Se recalca que la opción de ingresar y seguir nuestras normas es, en sí misma, una decisión libre, pues nadie le obliga a seguirlas o estar en el centro. “A nuestra puerta hay que llamar para entrar, pero está abierta para salir”, lo cual es literal. Con esta frase le recalcamos la idea al paciente de que no fuimos a buscarle y que ha tenido que hacer un proceso de entrevistas clínicas y aportación de analíticas para ingresar, pero que puede irse en el momento que desee con solo firmar un Alta Voluntaria.

De hecho, nuestro tratamiento tiene como objetivo que el paciente esté libre de la dependencia fisiológica y psicológica de las sustancias o comportamientos que secuestran su voluntad, para que pueda elegir con sano juicio.

¿Basta con motivar solamente?

Mi experiencia en el tratamiento de las adicciones me sugiere que la motivación para el cambio de hábitos es importante, pero no puede ser la piedra angular del tratamiento. También he aprendido que para muchos individuos resulta imposible hacer lo sin ayuda.

“Solo no puedo” es otra de las máximas del tratamiento. Los estudios sobre la intención, cualquiera que esta sea, han demostrado que suele debilitarse a medida que pasa el tiempo. Por tanto, como para cualquier otra intención, este principio también podría aplicarse a la intención de no consumir. Por tanto, la persona que padece una adicción necesita motivación, pero también necesita recursos para implementarla.
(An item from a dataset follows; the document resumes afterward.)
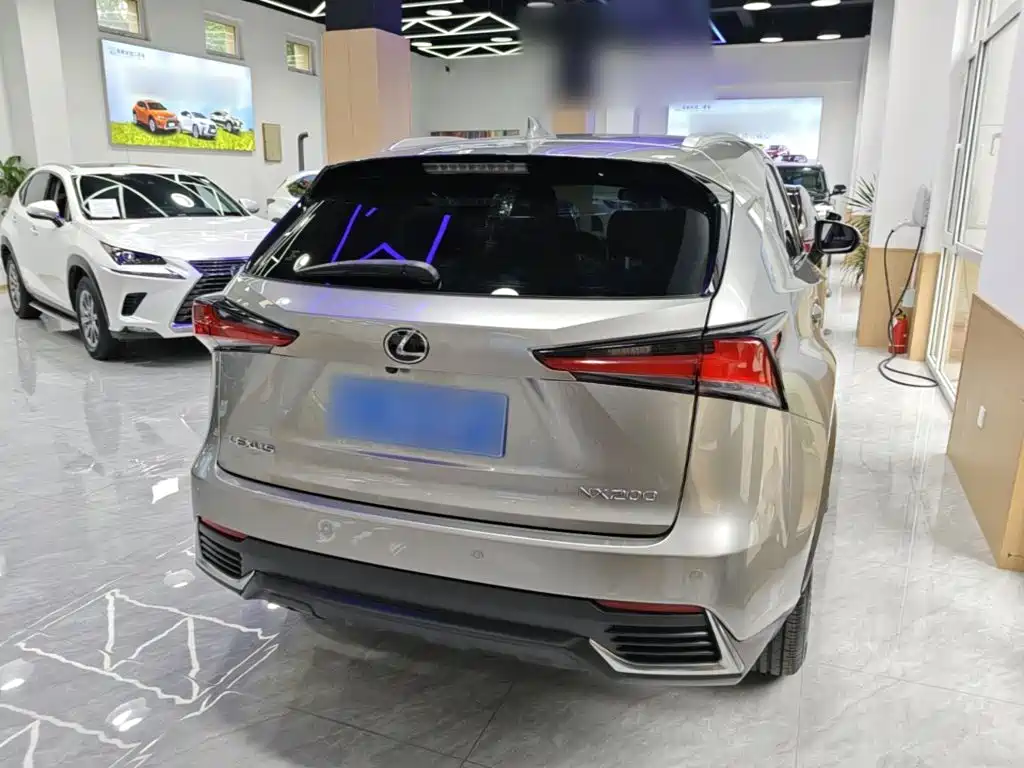 Lexus NX 2020 — фото 7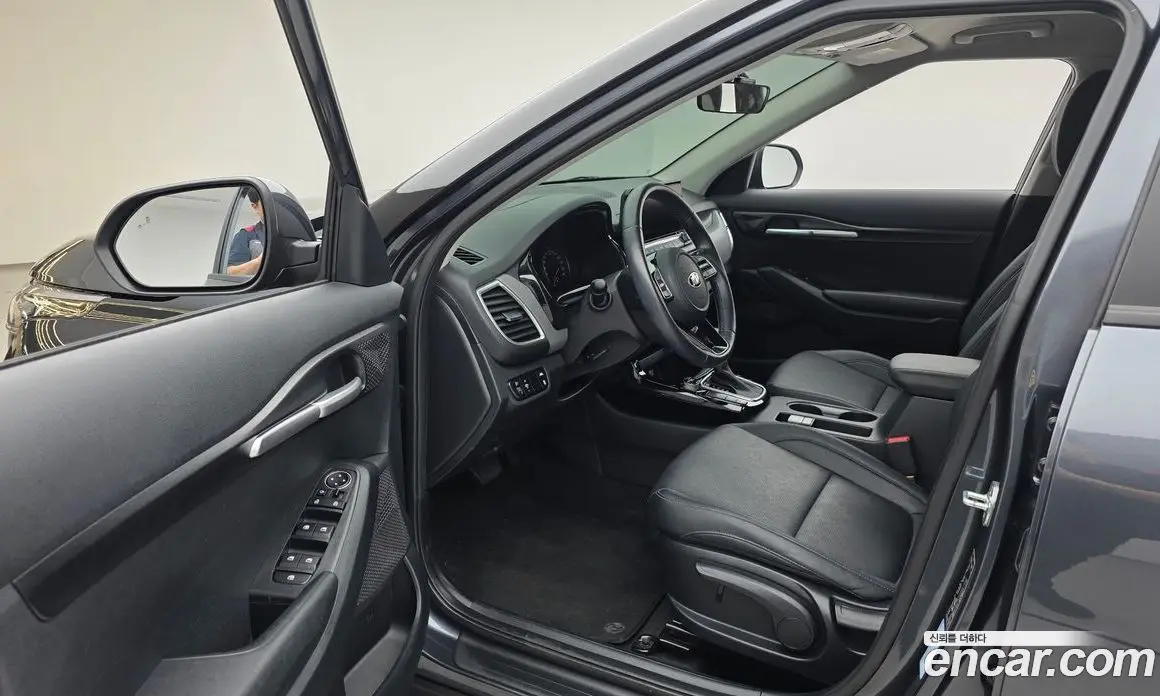 Kia Seltos 2021 1.6 автомат (гидро), фото 10 Kia Seltos 2021 1.6 автомат (гидро), фото 10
El principio de la ayuda mutua ha demostrado ser un recurso muy importante para el mantener la abstinencia. Sin embargo, para sostener la abstinencia se necesita cambiar el estilo de vida que la persona había estado llevando hasta el momento. Este es un cambio profundo que una persona difícilmente podrá ejecutar sin ayuda.

 

A modo de conclusión

La adicción es una enfermedad que carga con un estigma tremendo en la sociedad, pues muchas personas no la reconocen como tal, incluido aquel que la padece.

En la adicción el consumo es más que un hábito, pues llega a formar parte del estilo de vida de una persona. Es la herramienta, obviamente disfuncional, con la que gestiona sus emociones y preocupaciones, con la que hace frente al estrés y a los problemas de la vida cotidiana.

Una persona en consumo no tiene la libertad para elegir libremente dejar de consumir, puede ser que lo intente por sí mismo, pero los estudios son claros en señalar que la mayoría de estos intentos terminan fracasando.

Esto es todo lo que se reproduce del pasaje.